Ik wil dat wel afspreken, maar ik moet daarbij de kanttekening plaatsen dat de Kamer niet beslist. Welke Kamer er ook zit, het kabinet neemt uiteindelijk de beslissingen. De Kamer kan wel moties indienen; ze kan zelfs een motie van wantrouwen indienen en dergelijke, maar de besluiten worden uiteindelijk altijd door het kabinet genomen. Ik wil wel afspreken dat de Kamer voor 1 juli te horen krijgt hoe die afweging gemaakt is. Vervolgens kunnen wij met de Kamer bekijken in hoeverre de dan voorliggende besluitvorming wordt geëffectueerd.

De voorzitter:

Mevrouw Leijten, nu echt tot slot.

Mevrouw Leijten (SP):

De minister zegt "voor 1 juli", maar ik ken hem een beetje. Hij heeft dat ook met het WK gedaan. Twee dagen voor het moest, kregen wij een plannetje zonder middelen. Dat is niet zo netjes en ik wil eigenlijk afspreken dat het er is wanneer de nieuwe Kamer geïnstalleerd wordt. Ik zal dan degene die de subsidie moet aanvragen, wel aansporen om het voor het ministerie ook mogelijk te maken.

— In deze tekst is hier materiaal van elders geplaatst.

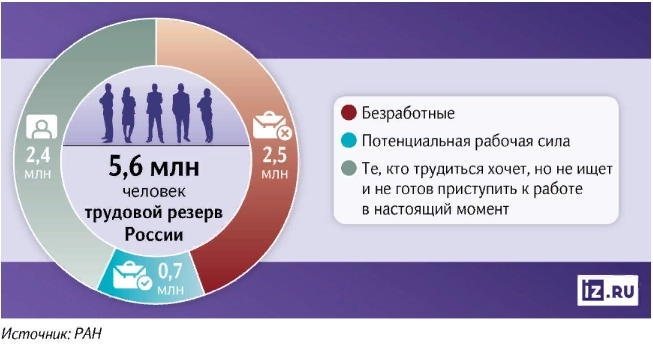 В России к труду можно дополнительно привлечь 5,6 млн чел: официально безработных, студентов-очников, домохозяек, матерей, сидящих с детьми и других — РАН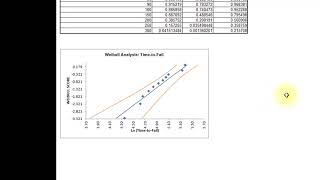 ReliabilityWeibull Analysis [upl. by Eniawed]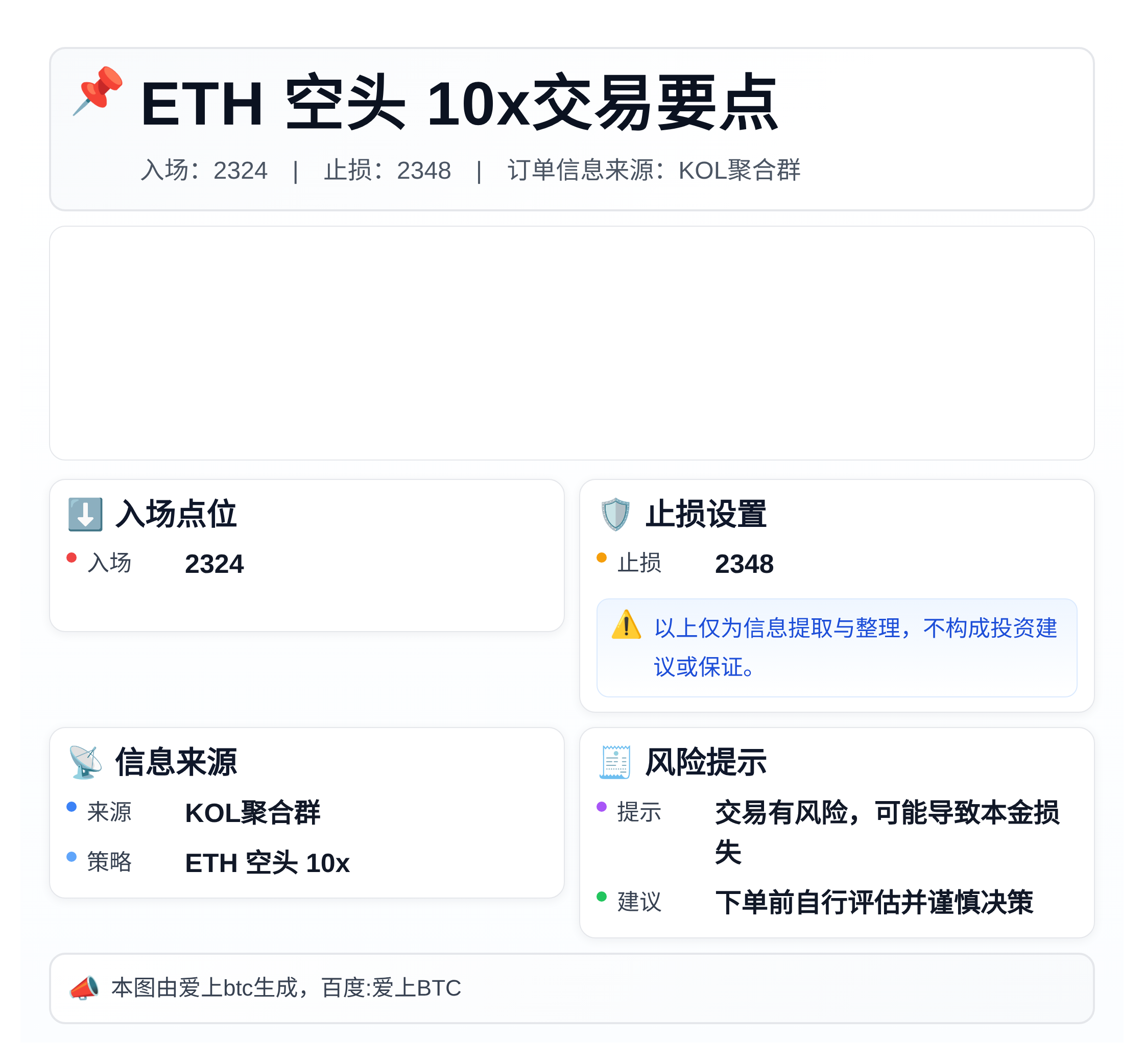 ETH 空头10x：2324入场，止损2348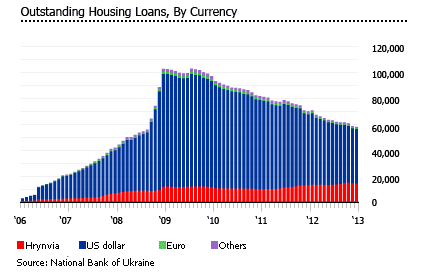 Ukraine housing loans currency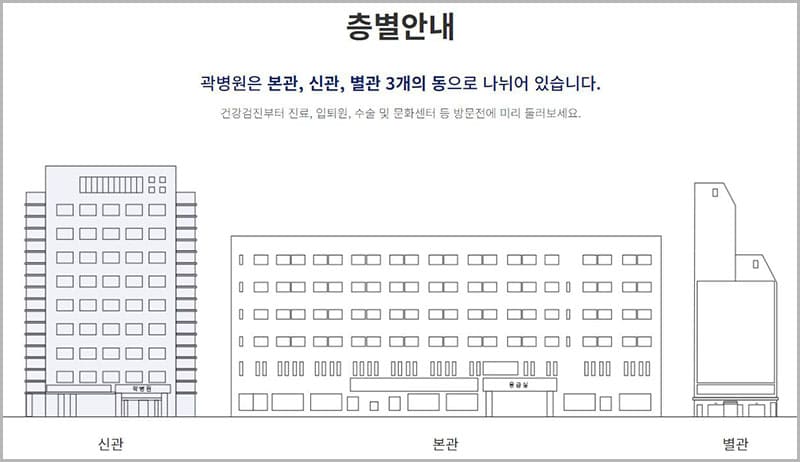 병원 층별 안내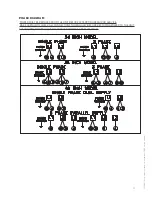 Preview for 7 page of Toastmaster TMGE24 - Owner'S Manual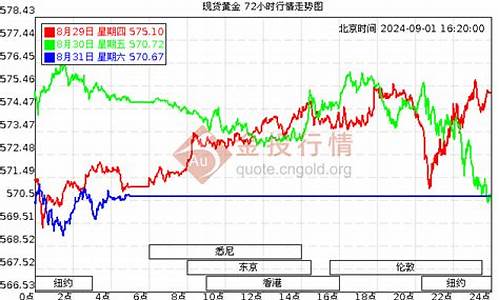 老凤祥金价走势最新预测_老凤祥金价走势最新预测分析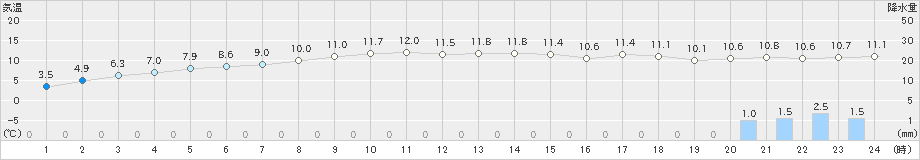 蘭越(>2024年04月24日)のアメダスグラフ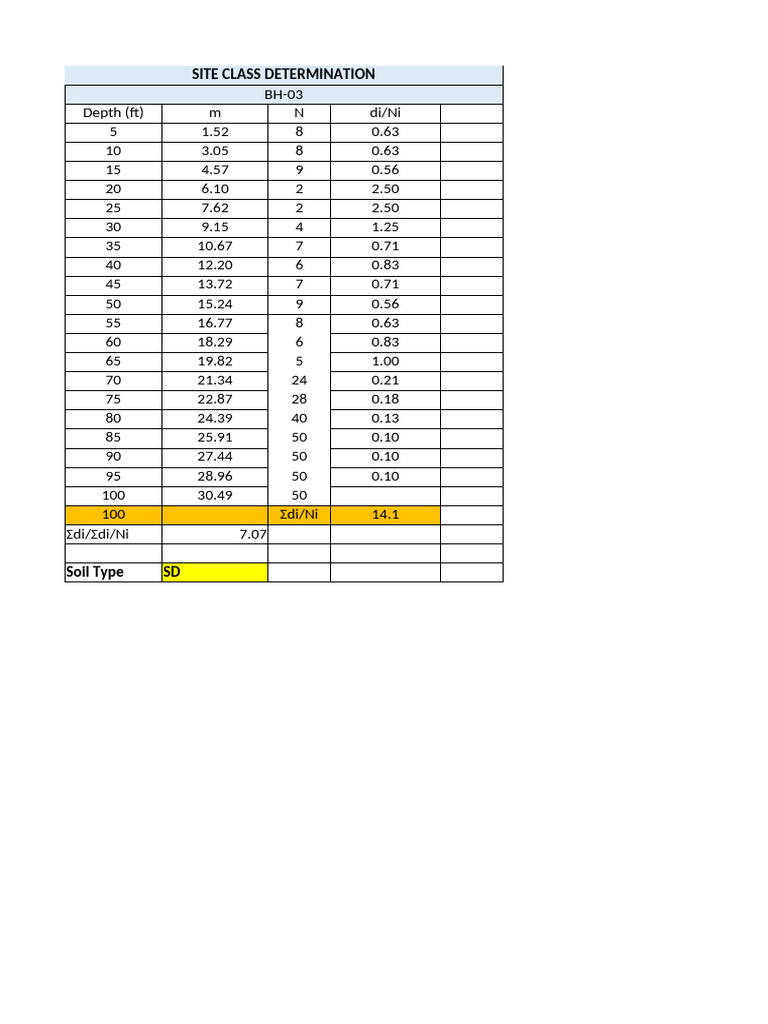 Site Class Determination for BH-03 | PDF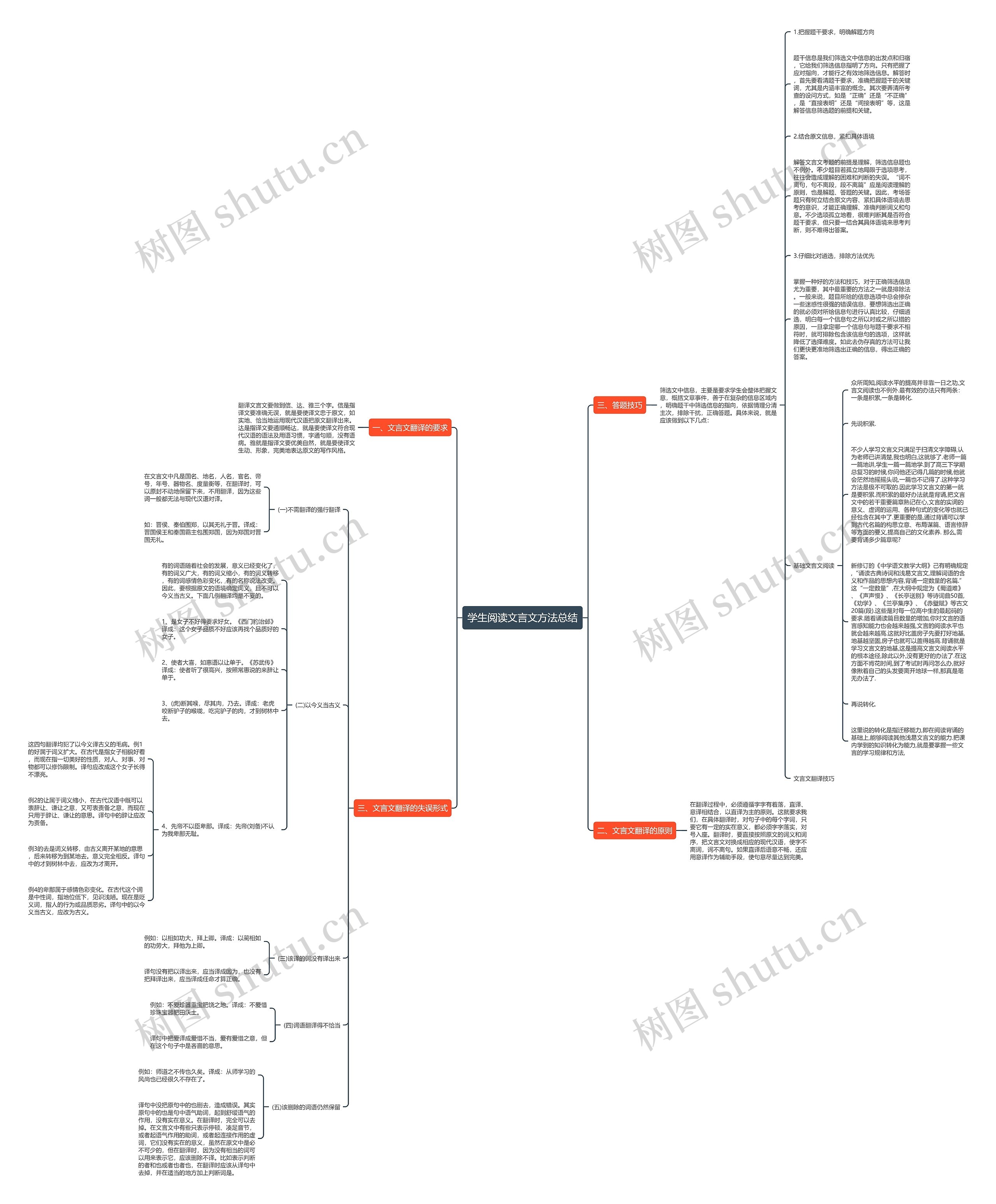 学生阅读文言文方法总结思维导图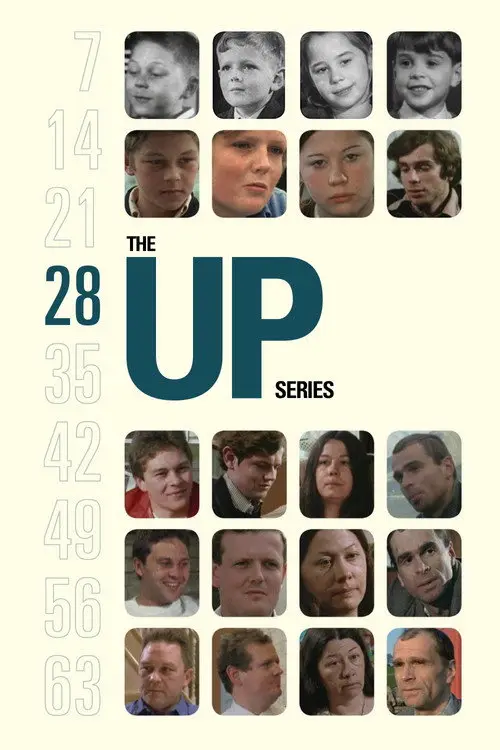 مشاهدة فيلم 28 Up 1985 مترجم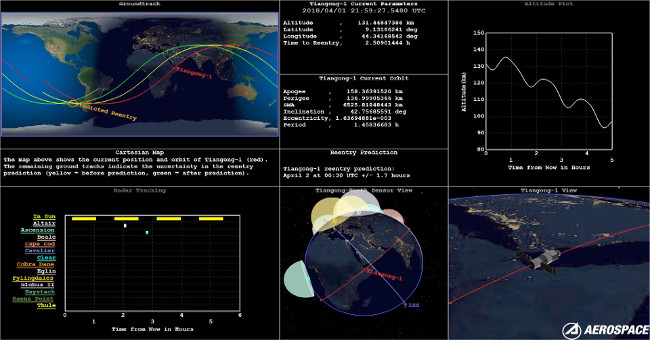 Chinese space station caught fire in the South Atlantic sky
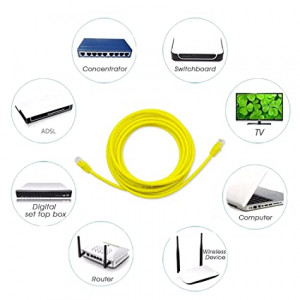 Ethernet internet lan cat-6  2M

Eén ding kunnen we na de eerste termijn namelijk wel vaststellen: er is een breed draagvlak voor deze pilot en voor deze nabehandelingszorg voor kinderen die in coma in het ziekenhuis terechtkomen. Bijna alle woordvoerders hebben dit namelijk aangestipt. Ik verzoek de minister dus om daar rekening mee te houden. Kan die informatie er op 20 juni zijn?

Minister Klink:

Ik zeg zoiets niet om vervolgens een dag van tevoren met besluitvorming te komen en er maar op te mikken dat er geen nader overleg meer kan plaatsvinden. Die informatie zal de Kamer dus tijdig bereiken. Ik zal snel een afweging maken, maar ik kan dat slechts doen als er een plan van aanpak c.q. een subsidieverzoek ligt.

De voorzitter:

Mevrouw Bouwmeester, het verbaast me dat u bij de interruptiemicrofoon staat. Er moest nog één vraag aan minister Klink worden gesteld door mevrouw Leijten. Wilt u nu opnieuw beginnen?

Mevrouw Bouwmeester (PvdA):

Ik wilde rustig afwachten tot mevrouw Leijten haar vraag had gesteld en daarna mijn vraag stellen.

De voorzitter:

Gaat die over een ander onderwerp?

Mevrouw Bouwmeester (PvdA):

Nee, over hetzelfde onderwerp. Er liggen namelijk twee moties over de kinderalcoholpoli's die met algemene stemmen zijn aangenomen: de motie-Bouwmeester/Leijten en de motie-Leijten/Bouwmeester. Daarin zegt de Kamer dat zij de noodzaak ziet om te komen tot een landelijk dekkend netwerk van kinderalcoholpoli's, om daarmee tot een goede nazorg te komen en recidive te voorkomen. Vindt de minister nog steeds dat dit landelijk dekkend netwerk er moet komen?

Minister Klink:

Ik heb inmiddels een advies aan de heer Dibi. Ik zou voortaan dezelfde motie twee keer indienen, de ene keer als motie-Van der Ham/Dibi en de andere keer als motie-Dibi/Van der Ham. Dat scheelt weer. Dan is niet de verwarring compleet, maar dan is het aanvullende karakter compleet. Mevrouw Bouwmeester kan van mij aannemen dat als ik subsidieverzoeken ga afwegen, ik dat mede tegen de achtergrond van de door de Kamer aangenomen moties zal doen.

De algemene beraadslaging wordt geschorst.

De voorzitter:

Hiermee zijn wij gekomen aan het eind van de eerste termijn van de kant van de regering. De tweede termijn van de Kamer vindt op een later te bepalen tijdstip plaats.